Somalia Faces Tough Rebuilding Task as UN Takes Over
| NAIROBI, KENYA
THE belated international rescue effort in Somalia worked reasonably well. But it may take rival Somali factions another five years to reach the kind of political stability necessary to avoid more war, anarchy, and starvation.
That was the assessment of Ethirajulu Krishnan, a senior official of the relief organization CARE, as the US handed the reins of the Somali relief and protection effort to the United Nations May 4.
Continued international commitment to help Somalia rebuild its society probably will depend on Somalis making progress toward political stability and organizing effective police and court systems, says Mr. Krishnan, CARE's Somalia director.
Krishnan, who is departing soon to take up a post in Lesotho, has been working on Somalia since September 1991, longer than most Western relief or diplomatic personnel. He helped negotiate the arrival in Mogadishu on May 3, 1992, of the first UN food relief ship to reach the Somali capital after fighting broke out in November 1991.
The US hand-over follows the presence for nearly five months of a coalition of United States-led Western and African troops that successfully halted most of the major looting of food relief supplies.
From the beginning of CARE's deliveries of large amounts of relief food to Somalia in 1992 until the US troops arrived in early December, "more than 50 percent of the resources did reach people," Krishnan says.
Before the foreign troops arrived, armed Somalis offering "protection" services against other armed Somalis demanded - and usually received - large payments from the UN and private relief agencies, including CARE, to ensure safe arrival of food and other relief items. Nevertheless, vast amounts of relief materials were looted, often through inside jobs, as in the town of Baidoa, according to many relief officials there.
After the troops arrived, Krishnan says, "virtually everything reached the people."
The international troops have collected large numbers of small arms and a much lesser quantity of heavy arms, such as the kind of artillery mounted atop vehicles known as "technicals."
But many small arms have been hidden. And larger weapons are either hidden or sitting in known sites under a disarmament agreement signed earlier this year by Somali factions. The UN faces the cumbersome task of monitoring such sites, as well as seizing weapons spotted elsewhere.
Under their peace agreement, factions are slowly trying to form a national council intended to serve as an interim government until elections can be held. But Somalis are a long way from coming together, and they continue blaming each other for lack of peace, Krishnan says.

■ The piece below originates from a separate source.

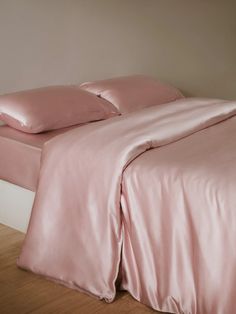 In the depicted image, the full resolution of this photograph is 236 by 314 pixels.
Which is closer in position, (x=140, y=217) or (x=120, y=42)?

"As long as the `I am blameless' syndrome persists, the nation-building glue is not there," he said in an interview.
During the fighting between rival factions that followed the January 1991 overthrow of former Somali dictator Maj. Gen. Mohamed Siad Barre, "the country was fragmented ... like china breaking into pieces," Krishnan says. Putting the pieces back together "might take another five years," he adds.
On the relief front, Krishnan sees a "new phase" beginning - fewer emergency deliveries to the starving, now that starvation is minimal, and more aid for rebuilding the country.
An immediate need is to provide employment - with payment in cash or food - to several hundred thousand Somalis, including at least 200,000 in Mogadishu, he says.
They could rebuild schools, provide health and water services, and clean up garbage, he suggests. But that is too big a task for private relief agencies alone and must be done by foreign governments, through the UN, he says.
Finally, Krishnan says, despite the challenges ahead, "I'm kind of optimistic."
"Even with the despondent leadership of Somalia, I see silver linings of human decency" among Somalis. "If patience persists, maybe in a year or two, something will emerge" toward a long-term stability.